Y en tercer lugar, los colombianos ven al Presidente como un rehén de los acuerdos con las FARC. Antes de reconocer la victoria del NO en el plebiscito del 2 de octubre y aprovechar para reemprender el camino de la unidad, Santos prioriza su enfrentamiento con Uribe. Los homenajes y condecoraciones que ha recibido de la comunidad internacional (incluyendo el Nobel), parecen haber llevado al Presidente a forzar a los congresistas y magistrados para asegurar los Acuerdos con la guerrilla.
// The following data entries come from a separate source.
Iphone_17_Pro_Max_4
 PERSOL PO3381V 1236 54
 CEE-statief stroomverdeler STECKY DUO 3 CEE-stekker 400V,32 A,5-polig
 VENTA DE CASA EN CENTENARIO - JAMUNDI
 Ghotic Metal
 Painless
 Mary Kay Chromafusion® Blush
No importan los costos legales y constitucionales que hubiera que asumir, ni los peajes que tuviera que pagar (como la entrega de la Agencia Nacional de Licencias Ambientales al Presidente de la Comisión Primera del Senado, en el trámite de la JEP), con tal de lograr la aprobación de lo acordado.

La ambigüedad y poca transparencia en el manejo de los asuntos de gobierno, y la primacía de un sistema de favores en la aprobación y control de las reformas, han consolidado el ambiente de incertidumbre, inestabilidad e inseguridad jurídica, que se vive en el país, y que hoy nos tiene ad portas de una nueva Constitución Política.

Para unos será haber entregado demasiado a cambio de desarmar un ejército que apenas pasaba de los 6 mil combatientes y solo había producido el 17% de la violencia en el país. Para otros, el paso necesario para producir un cambio de fondo en el régimen político que se adecúe a la nueva realidad. Pero no hay que equivocarse. No es pesimismo. Ni la tendencia colombiana a criticar todo. Ni mucho menos una disposición emocional transitoria. Más bien es una alerta temprana que anuncia que las elecciones presidenciales de 2018 serán las que definan cual será el camino que se quiere tomar.